El gran duque Sergei y la madre de Catalina, la gran duquesa María, los seguían, y después de ellos los treinta y tres Romanov.

Cuando llegaron al fondo del salón, los sirvientes abrieron las puertas y entraron en un amplio comedor decorado con paneles de madera tallada a mano que se levantaban más de seis metros hasta el techo. Una mesa antigua, larga y pulida ocupaba el centro de la estancia, con butacas de respaldo alto, y tapizadas con seda roja y dorada a ambos lados de la misma. La cubertería era de oro y plata, la cristalería era de cristal de Murano y los platos de color hueso, con servilletas de encaje entre ellos. Más camareros de pajarita blanca aguardaban a un lado.

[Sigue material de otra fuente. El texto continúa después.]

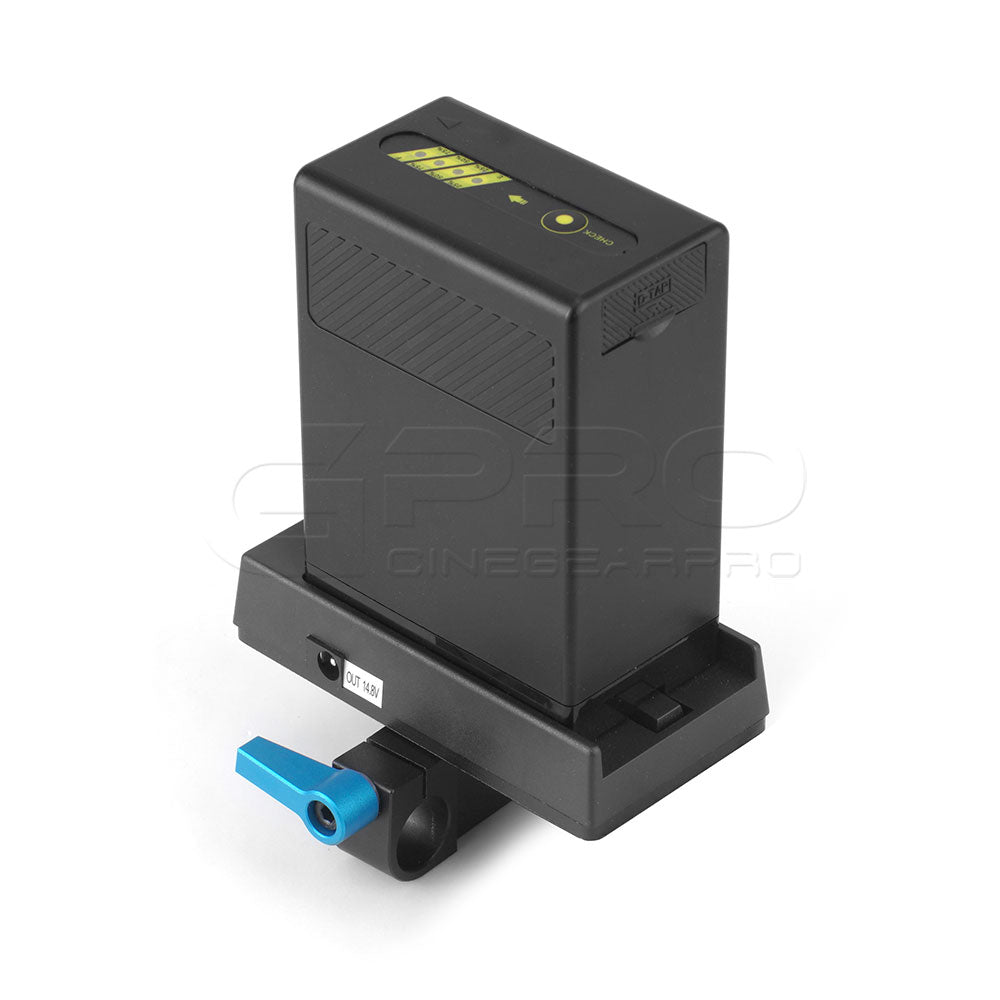 CGPro BP-U Battery Plate w/ DC Output Battery Plate - CINEGEARPRO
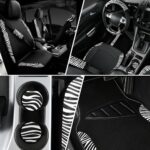 Zebra Print Car Seat Covers Set: Universal Fit SUV Van Truck Interior Kit - Image 4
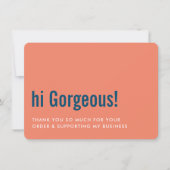 MERCI POUR VOTRE COMMANDE amusant insérer marine o (Devant)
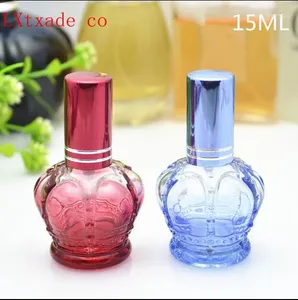 Depolama şişeleri 15ml boş cam parfüm ayarı sprey tarzı parfume esansiyel yağ su ambalaj kapları perakende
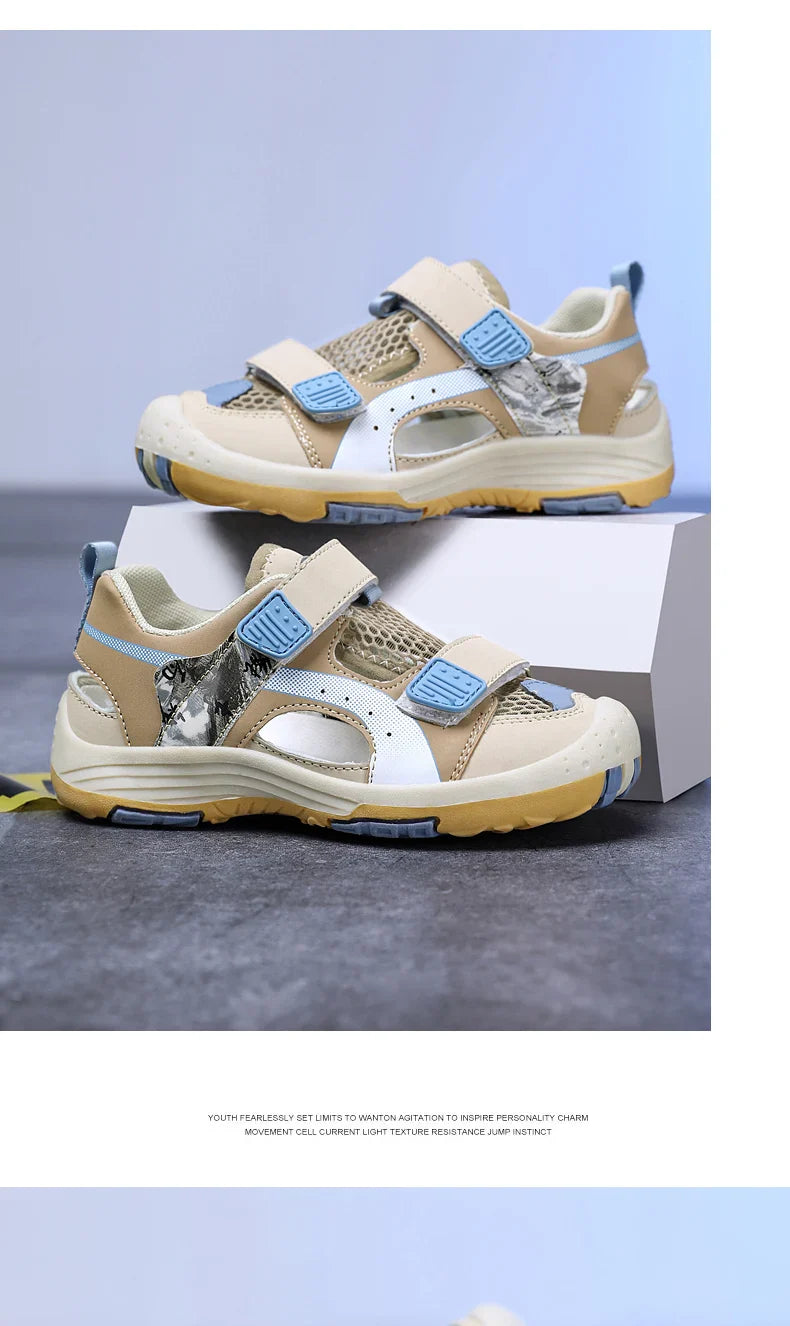 Boys Soft Sandals Fashion Children Shoes Solid Color Baby Sole Anti-slip Anti collision outdoor Girls Sandalias Flat Beach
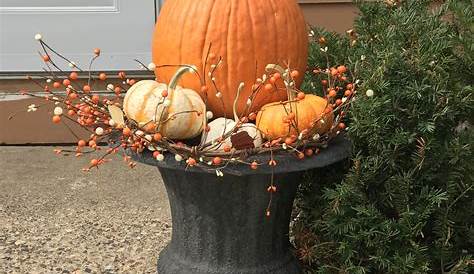 Fall Porch Decor Pots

El ambiente era formal, extravagante y teatral, excesivamente impresionante, pero había todavía un último elemento que eclipsaba todo lo demás. Montada en la pared del fondo del salón había un águila doble de oro macizo, de cuatro metros de altura, con las alas desplegadas de casi la misma anchura. Una de sus enormes garras aferraba el cetro imperial, mientras que con la otra sostenía el orbe imperial. Más arriba de las cabezas gemelas del águila, en el vértice de un gran arco encima de ambas, reposaba la majestuosa y enjoyada corona imperial. Lo que contemplaban era el magnífico emblema de los Romanov, ante el cual nadie podía menos que quedarse boquiabierto. Algunos de ellos inclinaron la cabeza en señal de reverencia ante el mismo, y pocos fueron capaces de apartar la vista del magnífico objeto hasta que estuvieron sentados a la mesa.